I hope this bring you forward.

BR Jorgen


I noted that the indentation of the class failed and in the above case the ckp numbers should be 1000 and not 180 when reloaded in the subclass.

Hi Jorgen,

Many thanks - I’m not sure this is going to help in my case as I’m using torch and with multi-agent PPO, so some of the functions (e.g.get_policy) return None for me.

I know I can get the agent restored using this code:

agent = ppo.PPO(config = config)

But I guess this also restores the param_config? It feels that the parameters that define the model (e.g.['model']) are intertwined with those that are purely about the training process (e.g.['train_batch_size']).

In general, I guess I’d love to be able to write this:

tuner = ray.tune.Tuner(
          param_space=config.to_dict(), ...

where the param_space is just talking about how I want the agent to continue being trained, rather than re-defining the agent model itself.
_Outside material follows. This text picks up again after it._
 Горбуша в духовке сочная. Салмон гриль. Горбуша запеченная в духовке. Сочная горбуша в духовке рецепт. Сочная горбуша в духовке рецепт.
This currently isn’t possible as agent is an instantiated PPO object rather than a Trainable class. I see what you’re doing with the code above - essentially creating a new class that has those weights loaded by default, but I can’t seem to get it to work for my specific use-case.

It would be really helpful to have a way to pass in an existing agent to the function, rather than a Trainable class and hide away the logic that is converting from the trained object to the fresh Trainable class.
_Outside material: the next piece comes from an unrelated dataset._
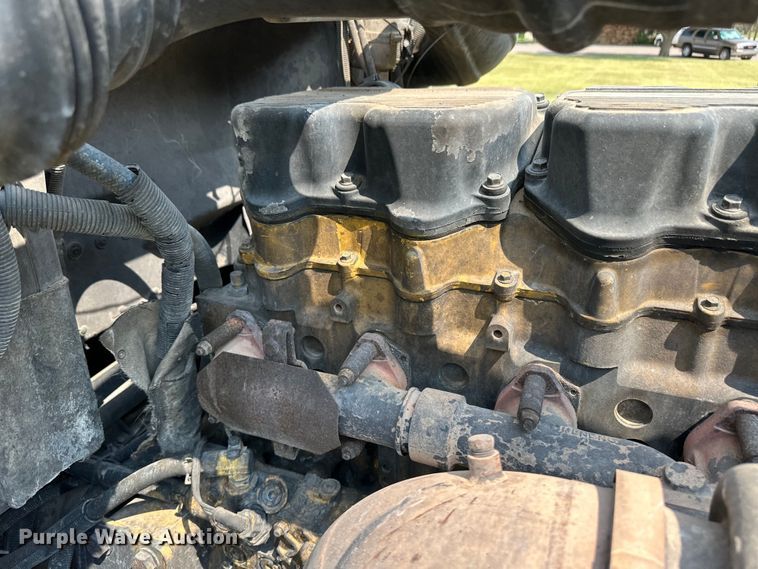 image for item OL9723 2008 Peterbilt 389 semi truck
Last thing - if I didn’t use, is what I’m looking to do possible with tune.Experiment(restore...) where I pass in a checkpoint file? I’m not clear on what the difference is between, tune.Experiment, and tune.run_experiments.

Thanks again for your help!


Hi @davidADSP

In terms of multiagent I suggest you take a look at this issue:

This should enable you to get something out of get_policy() by specifying which policy you want.

Well, I don’t think what you would love is possible (tuner = ray.tune.Tuner(agent, …). But there are ways around changing the config and then do a new with the new config from a previously saved checkpoint from tuner without loosing anything.

I not proficient in Torch but I think Torch models will have similar functions to save and load weights as in Tensorflow. This topic is sparse and fragmented in the official Ray documentation in general. It’s a petty because it deters potential new users from getting started with this great RL framework. I’ve made a toy example on my github that does what you want (two times tuning with different config) and take it all the way to production without the need to carry the overhead of Ray in the end and thus only relying on the ML-framework (Tensorflow :thinking: ). At the end of the day that is probably what most users need.

Note that during the second “lr” is changed as well as “training_iteration”. lr=0.0 is to prove that the weights loaded initially are the previously trained/saved in the best checkpoint as they do not change when lr=0,0.

Take a look here:

In terms of your last point I’m not sure but my feeling is no, sorry.